All that suggests a potentially large and lucrative market. Market Research Future expects quantum computer sales to grow 24 percent annually, to nearly $2.5 billion in 2022. And that might be low. Market Research Media Ltd. forecasts $5 billion in annual sales in 2020.

IBM made its free Quantum Experience service available to academia in May 2016. IBM Q, which was announced in March, is a followup to that effort. The company describes it as an initiative to build commercially available universal quantum computing systems accessible through the IBM Cloud platform.

The company said the first IBM Q systems will be powered by the 20-qubit processor, which offers significant improvements over its earlier 16-qubit and 5-qubit chips that power the IBM Quantum Experience. These improvements include coherence times — the amount of time it takes to perform quantum computations — that are twice as fast as its predecessors, as well as superior connectivity and packaging. The new processor is also notably more powerful than Intel Corp.’s recently announced 17-qubit chip, which was unveiled in October.
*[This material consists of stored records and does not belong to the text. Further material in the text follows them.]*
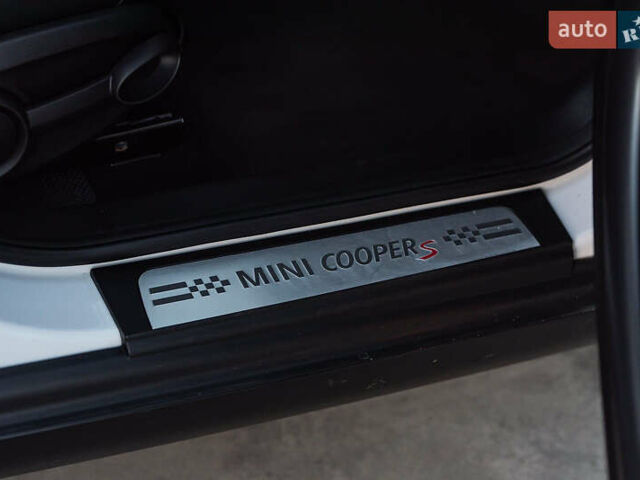 Белый Мини Кантримен, объемом двигателя 1.6 л и пробегом 97 тыс. км за 13600 $, фото 6 на Automoto.ua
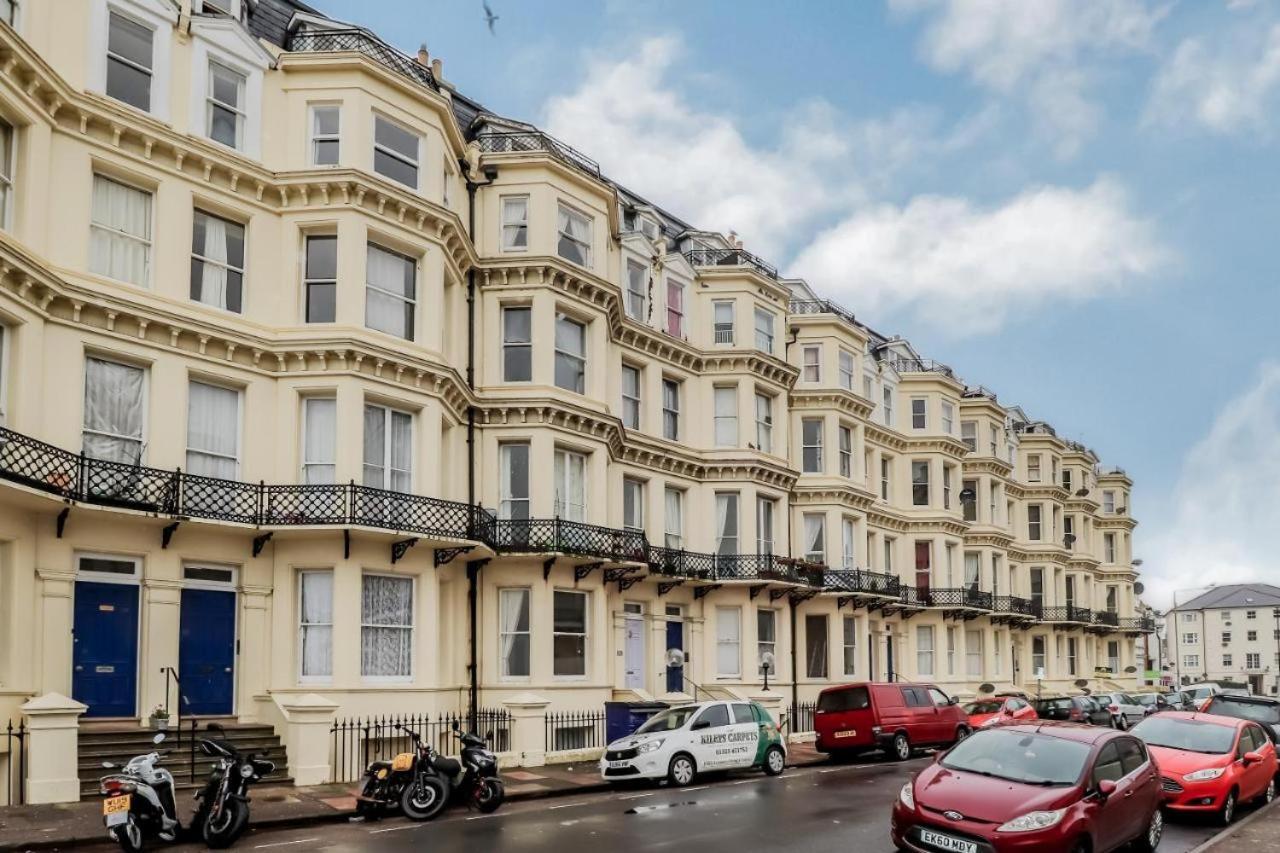3 Queens Gardens Sea View Apartment 이스트본 외부 사진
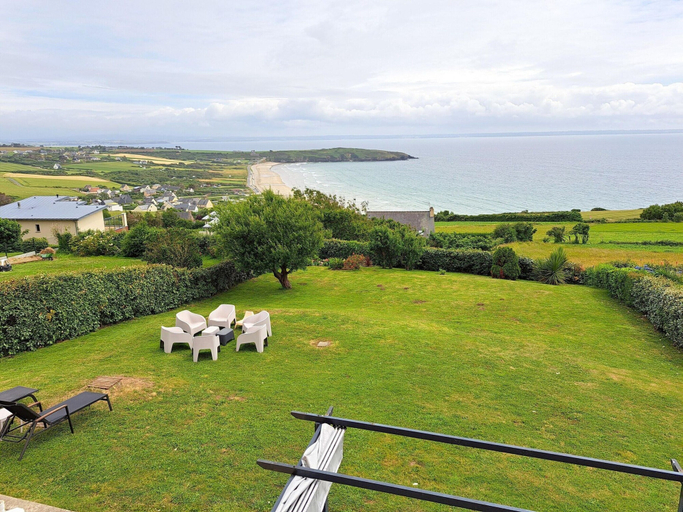 Exterior 4, Villa in Crozon With Sea Views & Sandy Beach, Finistère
IBM said the 50-qubit processor will be implemented in Q Systems sometime next year via a series of planned upgrades, leading to even greater performance. This is because quantum computers become exponentially more powerful as more qubits are added thanks to a phenomenon called “entanglement,” which relates to the ability of qubits to correlate with each other so that each one is aware of the state of all of the others. In theory, this means that a 200-qubit system is 2,200 times more powerful than a 100-qubit system.

Besides the new processors, IBM is also updating its QISKit, which is an open-source software development kit meant for programming and running quantum computers that was released earlier this year. QISKit has been expanded so users can create and execute quantum computing programs on Q Systems. IBM has also added new tools that let users study the state of the quantum system and integrate QISKit with the IBM Data Science Experience, which is a compiler tool that maps desired experiments onto the available hardware.

IBM said it will show off its new quantum processors at the IEEE Industry Summit on the Future Of Computing today.